Post-processing to segment and remove ruby
Of course, plain Japanese text is not very interesting to us. The reason is that there are no spaces between words, so raw Aozora files can't be used with typical visualization and other text analysis "tools" meant for languages with whitespace dividing words, or tokens. The first step in my original script was to remove ruby, using regular expressions, but in my most recent crawl I decided to preserve them so I can later create a database of these glosses and their accompanying glossed words (more below). The original script also used TinySegmenter to tokenize into words. However, going forward I'm using MeCab, another package that tokenizes as well as does POS tagging. It's much more powerful and does a much better job on tokenizing early-20th-century texts.

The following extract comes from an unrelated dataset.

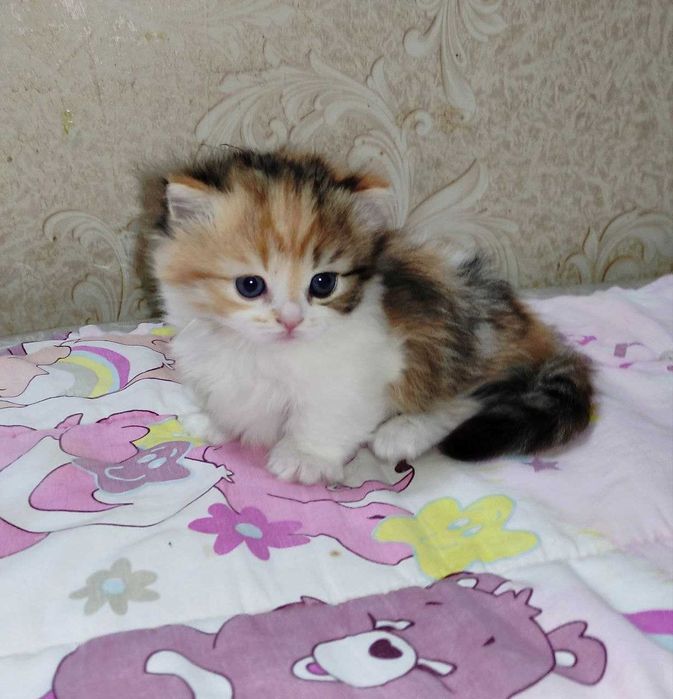 Продается шикарный котенок Манчкин, девочка.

Here's the code I wrote to de-ruby using BeautifulSoup, a Python library for processing HTML files.
soup = BeautifulSoup(input, "xml") tagname = 'rt' for tag in soup.findAll(tagname): tag.extract() tagname = 'rp' for tag in soup.findAll(tagname): tag.extract() tagname = '!r' for tag in soup.findAll(tagname): tag.extract()

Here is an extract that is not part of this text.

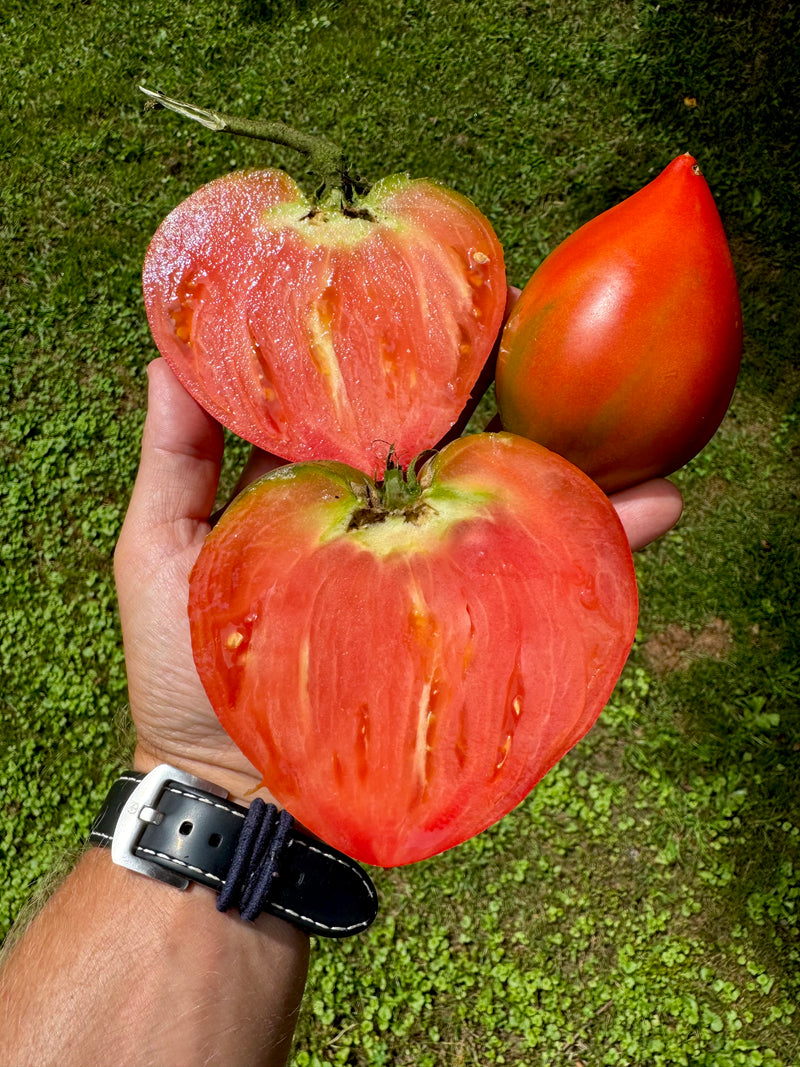 Tomato (Téton de Vénus, Venus Nipple Tomato) – Kids Seed Co.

Create a CSV with metadata
What about the metadata that I put in my filenames? Here's what I grabbed:
- Aozora Bunko ID number
- Original place of publication (if available)
- Original publication date (if available)
- Typist for Aozora Bunko (inputter) (if available)
- The name of the source text for the Aozora version (if available)
- Publication date of the source text for Aozora version (if available)
Here's an example of some filenames:
2_素木しづ子_三十三の死_xxxx_xxxx_小林徹_「現代日本文學全集 85 大正小説集」筑摩書房_1957.txt 195_渡辺温_可哀相な姉_「新青年」_1927_森下祐行_「アンドロギュノスの裔」薔薇十字社_1970.txt
Future steps and why I'm interested in this metadata
So why this specific metadata? I'm not just interested in the "original" texts. For a long time, my research has been interested in how texts are passed down to us and what versions we end up with. I hope in the future to look at who has entered what, perhaps talk to those individuals or present them with interview questions to find out more about their interests and backgrounds, and also to look at what the typical year range and type of source text is. For example, do they come from early editions or later edited complete works editions? Other anthologies? Cheap paperback printings? How did Aozora itself come to be constructed, and what is it that we're actually presented with in the archive?
Other colleagues of mine are interested in analyzing the content of the works themselves. They are not as interested in ruby glosses, whereas I hope to make a database of those specifically in the future.
Because of these multiple potential uses, I simply tried to get the most information both in and about the texts, for later filtering depending on one's research interests. I hope this script and corpus can be useful to others going forward, who may be doing research I could never have foreseeen!